I walked over to Dick’s Last Resort, grabbing a gelato at Gelateria Frizzante on the way. There I spotted Clifford Meth, who sat drinking with Mike Pascale, who drew a fantastic picture of the Hulk on the table-paper as we talked. We caught up over several beers before calling it a night.
The next morning, I got up and grabbed some breakfast, then went back up to the room to work. The Horton is a quirky, Victorian place in which Wyatt Earp and his wife lived for the five years they spent in town. It may not be as luxurious as the Hilton, Marriott, Hyatt, etc., but it has tons more character, as you’d expect from a place originally built before indoor plumbing became all the rage.
In my room, the centerpiece was the bed. It featured an intricate wooden box, decorated with Asian paintings, that enclosed it on three sides, plus the bottom and the top. Also, if the bed top had been any taller, I would have needed a stepladder to climb in. It was a fun place to sleep.
While I was working, I found out that my meeting in LA was on. I hopped online to cancel my original flight home from San Diego and arrange for a new one out of LA instead.
I wandered down to the convention center about noon and found Aaron and Christi Williams (of Nodwick fame) wandering around the Dark Horse booth. We nipped out for a bite to eat at a fish & chips restaurant across the street. I really like them both, but we don’t often find a good time to chat during a gaming convention. At something like Comic-Con, though, we can sometimes manage it.

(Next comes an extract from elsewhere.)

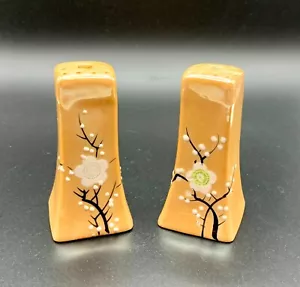 Pfirsich Glanzgeschirr Salz und Pfefferstreuer Set Pflaumenblüte handbemalt Japan Vintage - Bild 1 von 5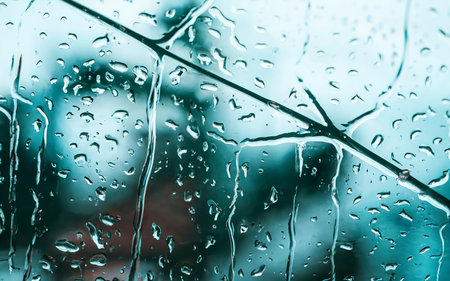 Heavy rain background, Raindrops on window glass outdoorsの素材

After lunch, we went back to the con. I roamed about a bit more and had a business meeting with a small publisher with wonderful ambitions. Hopefully I’ll get to tell you a lot more about that soon.
Then I stopped by the Boom! Studios booth again so I could pester them about their latest announcement: their license to produce comics based on Pixar’s films. I introduced myself to the line’s editor (and fellow Cheesehead) Paul Morrissey and noted how much I’d love to be able to write a comic I’d actually permit my kids to read. Paul welcomed me to pitch him some ideas, and so I certainly will.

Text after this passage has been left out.